Comment pourrions-nous parler «mode» sans aborder la «modestie»? Puisqu’il a déjà été question du port du pantalon, nous commencerons par détailler ce qui constitue la modestie du pantalon: sa coupe d’abord. Je comprends que certains de vos professeurs s’insurgent contre cette mode et si vous portez ces jeans serrés, plus provocants qu’un vrai déshabillé, je suis d’accord avec eux. D’accord avec eux encore, si aussitôt la classe terminée vous vous empressez de passer un pantalon pour vous promener dans le village ou la grande ville que vous habitez. Je t’avoue qu’il n’y a rien de plus choquant pour le bon goût que d’apercevoir, par exemple, des jeunes filles attifées de jeans sur la rue Sainte-Catherine ou dans les grands magasins. Je le répète, le port du pantalon doit être occasionnel. Pour la bicyclette, le ski, le patin, l’équitation, si tu veux être élégante, il faut que la coupe de ton vêtement soit ample, alors, tu seras vraiment modeste. Il en va de même des tricots et des jupes, un ajustement trop serré en fait des vêtements aussi immodestes que ridicules. Et ne va pas croire que seule la religion soit en cause: l’esthétique, le bon goût et le simple bon sens proscrivent ces exagérations. Je t’assure que certains décolletés n’ont rien d’élégant; des manches trop courtes, trop ouvertes sous le bras n’offrent rien de bien joli non plus. Quant aux robes trop étroites et trop courtes, il suffit de s’asseoir pour en comprendre tout le grotesque.

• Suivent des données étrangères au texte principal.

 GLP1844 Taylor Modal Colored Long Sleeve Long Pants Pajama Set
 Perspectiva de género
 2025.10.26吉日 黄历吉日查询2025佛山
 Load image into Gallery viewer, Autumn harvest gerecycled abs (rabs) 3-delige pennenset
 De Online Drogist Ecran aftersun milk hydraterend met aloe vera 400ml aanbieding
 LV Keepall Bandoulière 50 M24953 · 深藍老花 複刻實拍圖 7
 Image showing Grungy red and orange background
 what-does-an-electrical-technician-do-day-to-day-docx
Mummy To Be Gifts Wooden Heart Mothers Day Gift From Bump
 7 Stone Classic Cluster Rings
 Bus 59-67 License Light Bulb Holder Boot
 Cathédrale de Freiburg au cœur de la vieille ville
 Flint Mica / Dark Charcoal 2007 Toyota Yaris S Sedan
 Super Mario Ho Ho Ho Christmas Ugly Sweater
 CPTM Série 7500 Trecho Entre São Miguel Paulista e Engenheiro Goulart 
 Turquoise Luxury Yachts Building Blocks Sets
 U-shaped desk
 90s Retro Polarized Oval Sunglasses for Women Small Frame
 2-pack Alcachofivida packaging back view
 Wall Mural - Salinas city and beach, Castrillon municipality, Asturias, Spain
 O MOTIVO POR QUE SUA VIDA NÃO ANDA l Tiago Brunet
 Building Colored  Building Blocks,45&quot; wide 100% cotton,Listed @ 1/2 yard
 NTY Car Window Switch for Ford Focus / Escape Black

Te parlerai-je de shorts? Le port en est strictement interdit par nos évêques. Et je comprends pourquoi. Il y a eu tellement d’abus qu’il a fallu sévir. Ce vêtement qui peut remplacer le maillot de bain à la plage, les jours où tu ne peux te baigner, est devenu un tout-aller qu’on porte même en ville et j’ai vu des shorts si indécents que je comprends la prudence de notre clergé. Heureusement, depuis quelques années, la mode est aux pantalons plus longs, aux genoux. Pour le tennis, le badminton, la plage, je le trouve très convenable; porté avec le bas trois-quarts cela fait un ensemble assez «petit-garçon». Mais n’en abuse pas. Conserve partout cette féminité que Guy de Larigaudie souhaite: «Mon Dieu, faites que nos soeurs les jeunes filles soient harmonieuses de corps, souriantes et habillées avec goût.»
J’allais oublier … si tu portes de ces robes en tissu léger et diaphane, je t’en prie songe à la confection d’un dessous convenable, opaque, voilà encore une faute de goût qui se répète trop souvent: rien de plus inélégant que de pouvoir détailler une silhouette qui marche dans la lumière ou dénombrer les multiples bretelles du corsage. Taille-toi un bon vêtement avec une épaulette raisonnable qui camouflera camisole, etc., un joli décolleté arrondi dans un tissu opaque: satin mat ou mieux, taffetas; te voilà en sécurité et belle par-dessus le marché. Comme tu peux le constater la modestie n’est pas incompatible avec la mode. Quand tu seras tentée de faire des imprudences, rappelle-toi cet avertissement formulé par le regretté Pie XII: «Tant que certaines toilettes provocantes restent le triste privilège des femmes d’une réputation douteuse et comme le signe qui les fait reconnaître, nul n’osera les adopter; mais dès qu’elles seront portées par des personnes au dessus de tout soupçon, on n’hésitera plus à suivre le courant qui entraînera peut-être aux pires chutes.» Attention, ma mie, à tes responsabilités de jeune fille bien élevée et chrétienne en plus.